How can a country with so much promise just 25 years ago slide so quickly into ruin?

The France24 reporter begins his report by saying, “In Eritrea there is no war, no famine.” Yet, there is a war—a war by the Eritrean government against the people of Eritrea—and there is a famine—a famine of truth about why Eritrea has stagnated for 25 years.

Mr. Ammanuel from Eritrea’s Ministry of Foreign Affairs takes France24 reporters to a curious spectacle outside of Asmara made up of destroyed military collateral from the 1998-200 war with Ethiopia—a jumble of tan and green camouflaged military detritus. Why? Mr. Ammanuel doesn’t seem sure but offers this, “Maybe for an exhibit or museum.”

An aged soldier hands his Kalashnikov to a driver. He sits down and says, “We get freedom from Ethiopians.” Why does he look so distressed? Why can’t his eyes face the camera?

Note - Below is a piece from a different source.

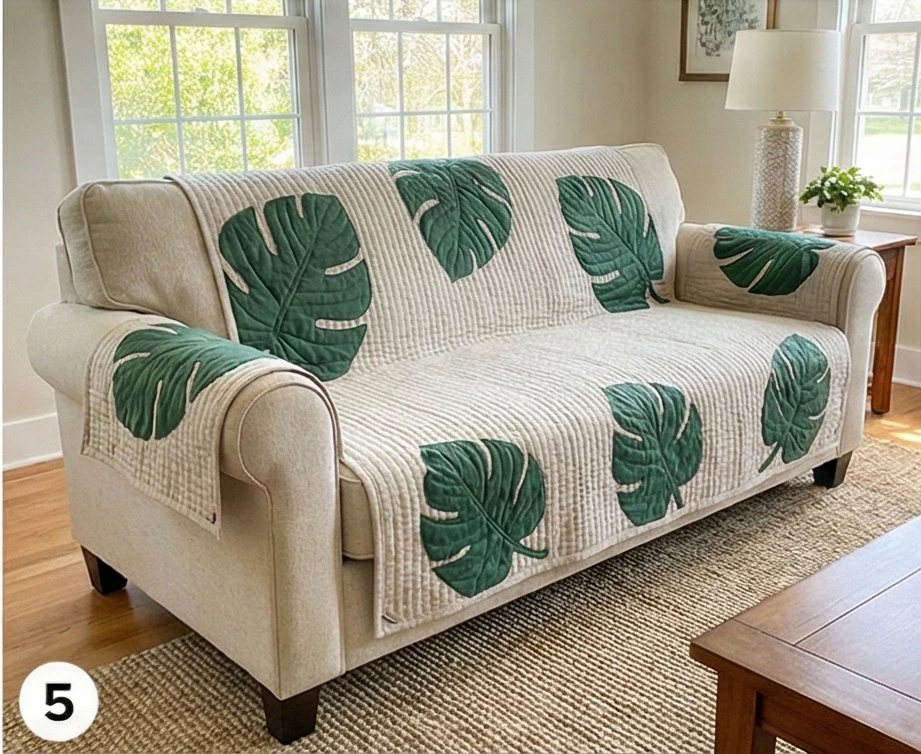 Luxury Hawaiian Sofa Covers with Traditional Quilt Patterns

In the Metabar market, Mr. Yishaq, an interpreter, takes the France24 crew around a recycling center where discarded materials are made useable. Self-reliance, we learn, is the government’s favorite slogan. Mr. Yishaq sees a young boy pounding out a strip of metal. Without being asked, Mr. Yishaq tells the reporters that the boy is working in his father’s business after school. No one had asked the question.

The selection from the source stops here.